Twelve new Jovian moons discovered

Twelve new Jovian moons discovered

Twelve more moons have been found orbiting Jupiter bringing the grand total up to seventy-nine.

The team from the Carnegie Institute for Science lead by Scott S. Sheppard have discovered 11 normal moons and one ‘oddball’ moon orbiting the gas giant. This brings the total of known moons to 79; the most of any planet in the solar system.

The team found the moons when they were searching for “Planet X” – a ninth large planet beyond Pluto’s orbit.

The moons are tiny compared to our own. Ranging from a single kilometre in width to just over three kilometres.

The discovery was made using the Blanco four-metre telescope at Cerro Tololo Inter-American in Chile.

Blanco has recently been upgraded with a “Dark Energy Camera”. The camera was initially developed for the ‘Dark Energy Survey’. This would scan visible and near-infrared wavelengths to probe the dynamics of the expansion of the Universe.

The team had to track the objects from 2017 into 2018 to confirm they were, in fact, orbiting Jupiter – and therefore moons – rather than asteroids orbiting the sun.

One of these moons is not like the others

Jupiter Moons Orbits

Jupiter has many types of moons. The Galilean moons ( Ganymede, Io, Callisto and Europa ) are the largest and can be seen using binoculars from Earth.

Prograde moons orbit in the same direction as Jupiter. These are divided into inner and outer prograde moons depending on their distance from the planet. Retrograde moons by contrast orbit in the opposite direction of Jupiter’s rotation. Retrograde moons are often asteroids that have fallen into Jupiter’s orbit.

Out of the twelve ‘new’ moons; two are classed as inner prograde moons and nine as outer retrograde moons.

However, the team discovered that one moon – named Valetudo – orbits is in a prograde motion but is inclined relative to the other moons in Jupiters system.

That means that if frequently (in astronomical terms) crosses paths with moons that are orbiting in retrograde.

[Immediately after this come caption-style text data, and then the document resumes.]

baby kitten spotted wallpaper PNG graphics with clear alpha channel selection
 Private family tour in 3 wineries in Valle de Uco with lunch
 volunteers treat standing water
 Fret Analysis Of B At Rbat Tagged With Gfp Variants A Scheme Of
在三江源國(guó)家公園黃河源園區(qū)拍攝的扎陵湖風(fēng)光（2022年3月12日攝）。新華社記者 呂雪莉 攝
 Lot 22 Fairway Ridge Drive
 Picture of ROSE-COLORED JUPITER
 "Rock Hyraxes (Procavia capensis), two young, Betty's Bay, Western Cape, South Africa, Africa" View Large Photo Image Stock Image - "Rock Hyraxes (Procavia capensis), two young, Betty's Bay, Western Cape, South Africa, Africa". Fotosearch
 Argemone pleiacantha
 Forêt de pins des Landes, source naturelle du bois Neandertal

A collision isn’t going to happen in a human life-span, but in astronomical terms (hundreds or millions of years) it is likely that Valetudo will collide with one of the planets over moons.

The team think that Valetudo ‘oddball’ orbit is probably caused by a collision in the past when it moved in a prograde orbit and hit another object. The debris from that collisions would have then created a number of smaller retrograde moons.

The discovery is another piece of the puzzle for how our solar system formed. The fact that small moons still exist suggest they were formed after the planet. They also suggest there are many more small moonlets orbiting around other planets in our solar system we have yet to discover.